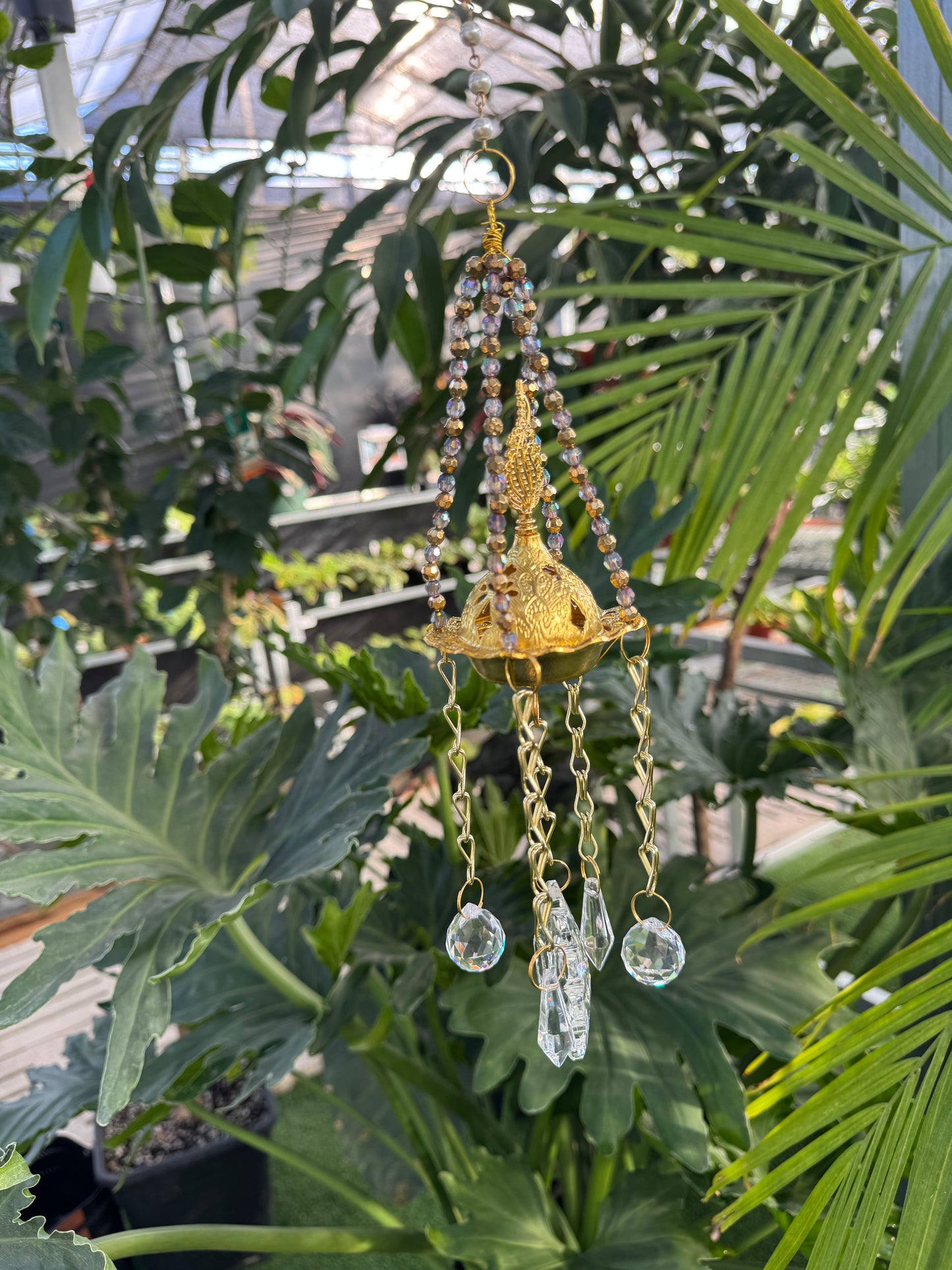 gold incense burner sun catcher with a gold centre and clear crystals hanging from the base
* * *
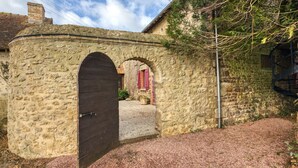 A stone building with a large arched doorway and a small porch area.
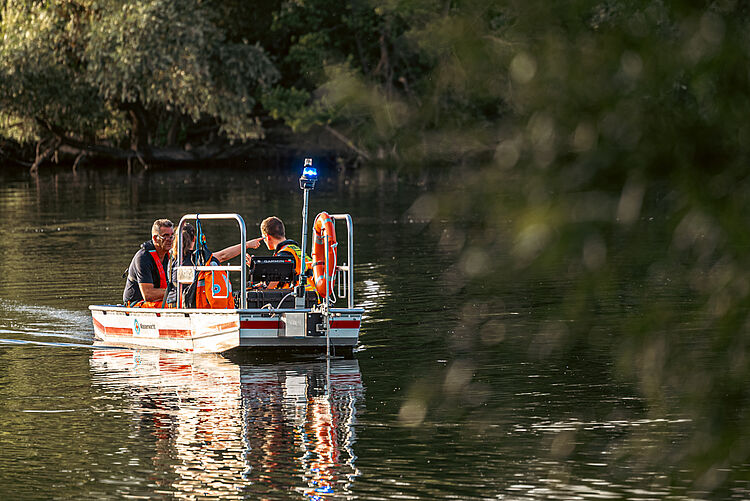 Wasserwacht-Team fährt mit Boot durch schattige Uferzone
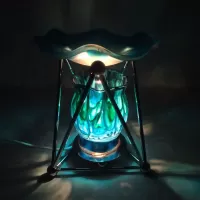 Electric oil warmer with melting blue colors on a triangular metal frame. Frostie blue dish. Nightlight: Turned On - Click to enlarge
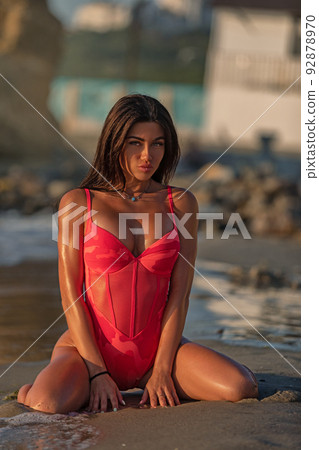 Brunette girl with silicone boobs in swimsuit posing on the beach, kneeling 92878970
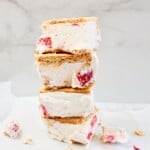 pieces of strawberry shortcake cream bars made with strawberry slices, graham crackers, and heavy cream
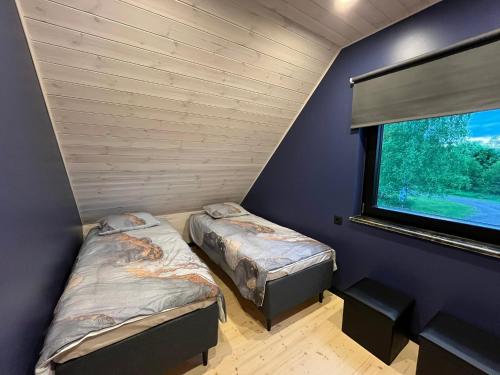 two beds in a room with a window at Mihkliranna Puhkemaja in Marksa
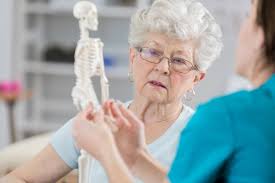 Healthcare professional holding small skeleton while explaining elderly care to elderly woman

* Work request *
Give the lines above again exactly, from the one containing "Wasserwacht-Team fährt mit" to the one containing "Brunette girl with", both included, but leave out the pictures.

* Exercise response *
 Wasserwacht-Team fährt mit Boot durch schattige Uferzone
 Electric oil warmer with melting blue colors on a triangular metal frame. Frostie blue dish. Nightlight: Turned On - Click to enlarge
 Brunette girl with silicone boobs in swimsuit posing on the beach, kneeling 92878970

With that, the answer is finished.